For some downloadable texts, see http://hutnyk.wordpress.com/texts/
He has published widely in cultural studies, including nine books. He is currently working on a tenth book, From Popular Culture to Everyday Life (Routledge). His work has been translated into Chinese, German, Indonesian, Japanese, Korean, Persian, Polish, Portuguese (Brazil and Portugal), Russian, Slovenian, Spanish, Swedish, Turkish and Ukrainian.
He is also on the editorial/advisory boards of journals in Australia, Canada, China, Germany, Spain and the UK, and has been a Visiting Professor at the University of Vienna, the University of Henan and the University of Wuhan.
LUÍSA LEAL DE FARIA
She holds a PhD in English Culture and over the past decades she has taught and published in the areas of literary and cultural studies, as well as English, American and European studies.
She is a member of several scientific associations, namely the Carlyle Society, the Portuguese Association of Anglo-American Studies, the European Society for the Study of English, the European Association for American Studies and the Scientific Society of the Catholic University of Portugal.
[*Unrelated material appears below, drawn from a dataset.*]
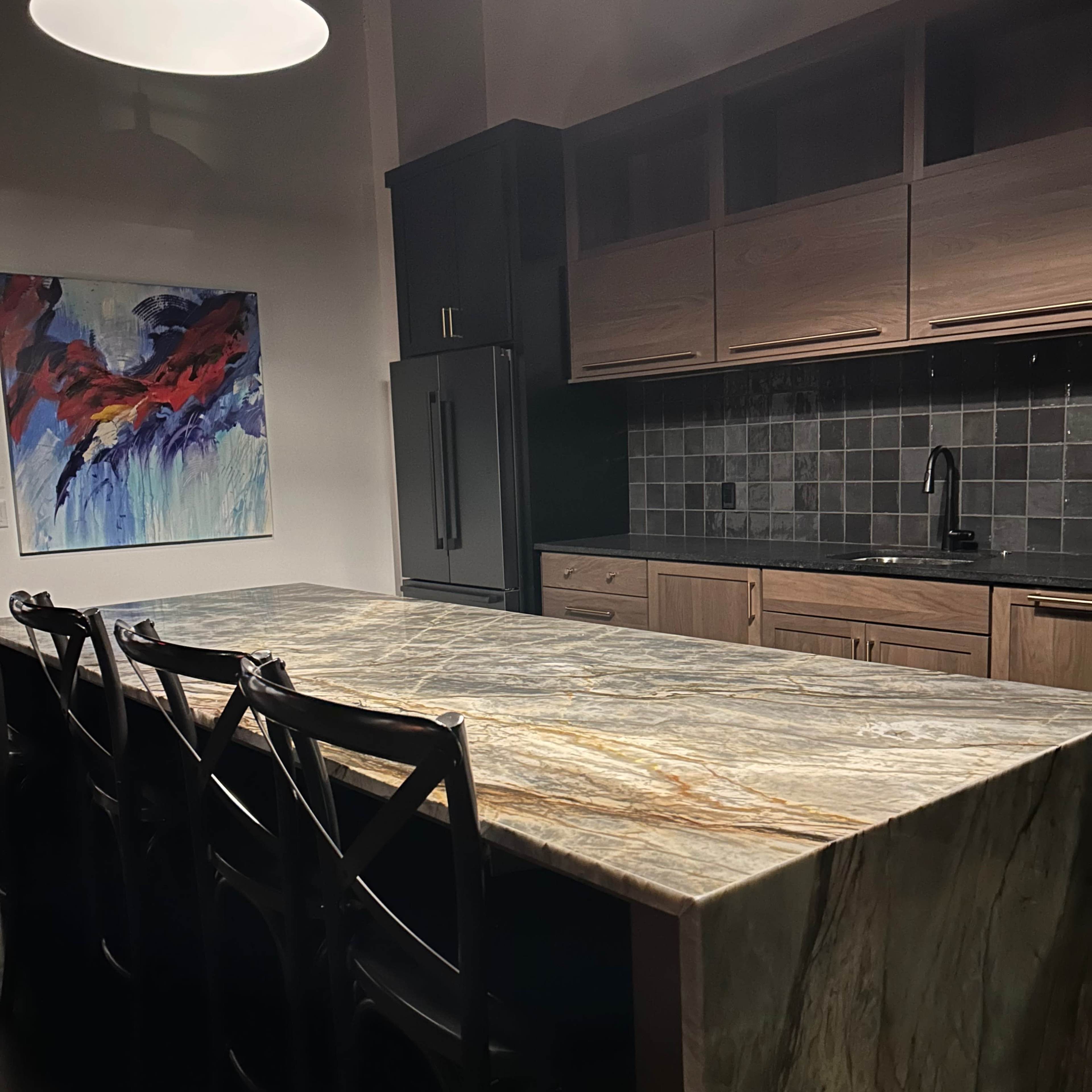 A large stone kitchen island with black chairs is positioned in a modern kitchen that features wooden cabinets and a colorful abstract painting on the wall.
Her list of publications includes the books Sociedade e Cultura Inglesas (1996) and Universidade e Cultura (2003), and several essays on higher education and the historical and social role of university.
JORGE MARTINS ROSA
Jorge Martins Rosa is an Assistant Professor in the Communication Sciences Department at the Human and Social Sciences College of Universidade Nova de Lisboa, Portugal. His PhD in Communication Sciences sought to establish the connections between Philip K. Dick’s work and the discursive rhetoric of contemporary cyberculture.
He teaches several courses, including the post-graduate seminars «Fictional Modes», «Cyberculture», and «Pop Culture». His teaching and research interests lie in the intersection between and science, culture, fiction, and technology, a territory he attempted to map as the head researcher of a funded project called «Fiction and the Roots of Cyberculture».